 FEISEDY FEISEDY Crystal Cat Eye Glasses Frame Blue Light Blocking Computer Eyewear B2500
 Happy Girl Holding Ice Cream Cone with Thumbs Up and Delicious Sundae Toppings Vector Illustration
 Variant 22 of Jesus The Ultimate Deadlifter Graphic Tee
+ + + + + + +
**TASK TO CARRY OUT**
Once more, write out all the data exactly.

**EXERCISE ANSWER**
 FEISEDY FEISEDY Crystal Cat Eye Glasses Frame Blue Light Blocking Computer Eyewear B2500
 Happy Girl Holding Ice Cream Cone with Thumbs Up and Delicious Sundae Toppings Vector Illustration
 Variant 22 of Jesus The Ultimate Deadlifter Graphic Tee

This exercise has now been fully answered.